While I am aware that some may think that this is just a self-unloading medium to rant and vent, you may be right, but admit it, some of you —most of you have felt or are feeling like I have felt. And I am also aware that a lot of people have gone through far worse —abuse in diverse forms, most of it horrible and some downright blood-curdling —and have survived it. I draw inspiration from these ones; maybe I am being a little presumptuous, but you would agree with me that that still doesn’t mitigate the effects these things have on the mind, health and on your life.
For fear of getting so personal as to directly sub some people who might read this (if ever), I will stop the story of my life here, and move on to my admonition for the day:
To parents (and as many who would want children someday); never EVER compare your kid to someone else: another sibling, the neighbour’s daughter, a cousin, a friend from school or a combination of any of these, in an effort not to make another person’s kid cry, at the expense of your own kid who is way too young to know that you do not actually mean it that way.

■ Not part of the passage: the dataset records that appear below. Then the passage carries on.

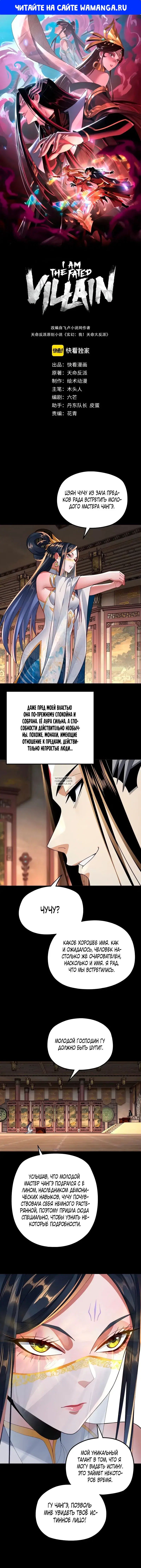 Page 1.000
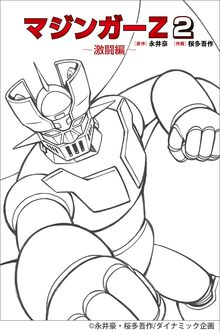 マジンガーZ 2 マジンガーZ 2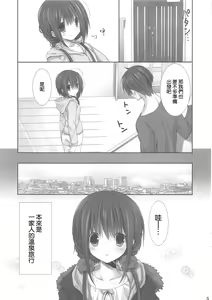 Page 5 of Imouto no Otetsudai 9 - preview thumbnail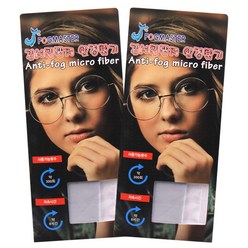 포그마스터 김서림방지 안경닦이 2개 / 클리너 안경닦기 렌즈클리너 서리 성애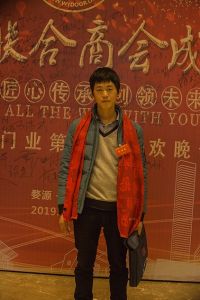 2018婺源門業(yè)商會成立大會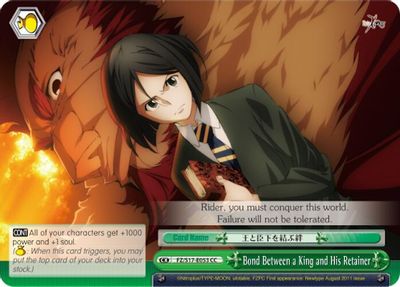Bond Between a King and His Retainer card image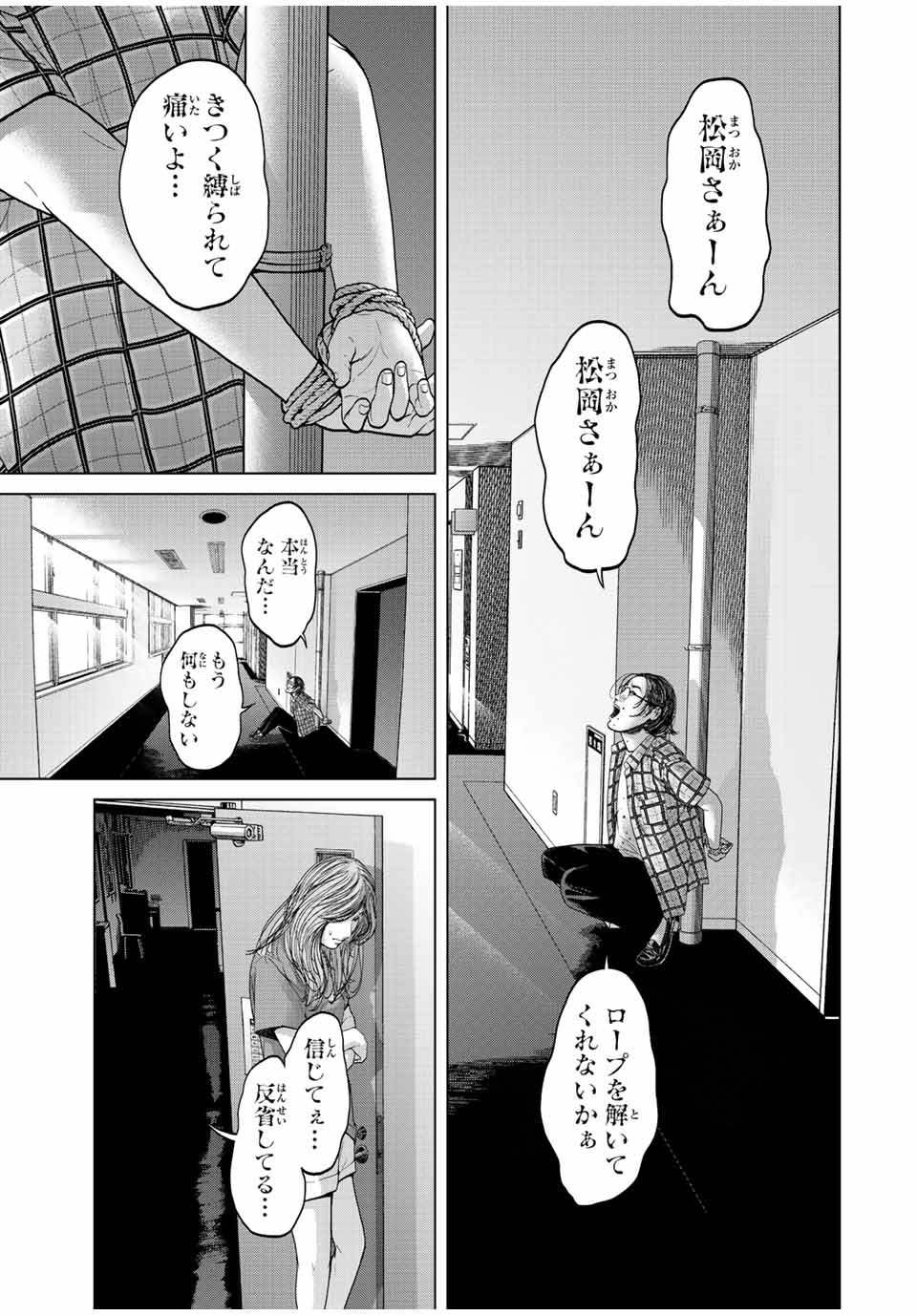 人間消失 第11.3話 - Page 7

This goes for friends too; please and please, desist from asking people while they are not more like your other friends even if it’s a joke, especially when they’ve told you in their most serious tone that it is not a funny one. There is a reason why God made us all different. Constantly nagging your friends won’t change who they are, and chances are that thing you are complaining about has a story behind it. Stop being a (destructive) critic and just be a friend. And if you know that this is such an unachievable feat for you, simply quit the friendship. It’s never that serious.
And finally (the opinions of other classes of people with whom your relationship is more…ephemeral do not really matter, you would find.)
To others like me, I have tried a lot of things, but this has been working to a large extent: DON’T BE SO HARD ON YOURSELF. It’s true what they say: what doesn’t kill you really does make you stronger. Give yourself (and others) some ‘messing up’ allowance. Allow yourself to fail, but never stop trying. Let yourself dream, but never stop believing. Try to improve your opinion about yourself because in the end, the only person whose standards are worth living up to (apart from God’s, for those of us that really and truly believe in Him), is YOU.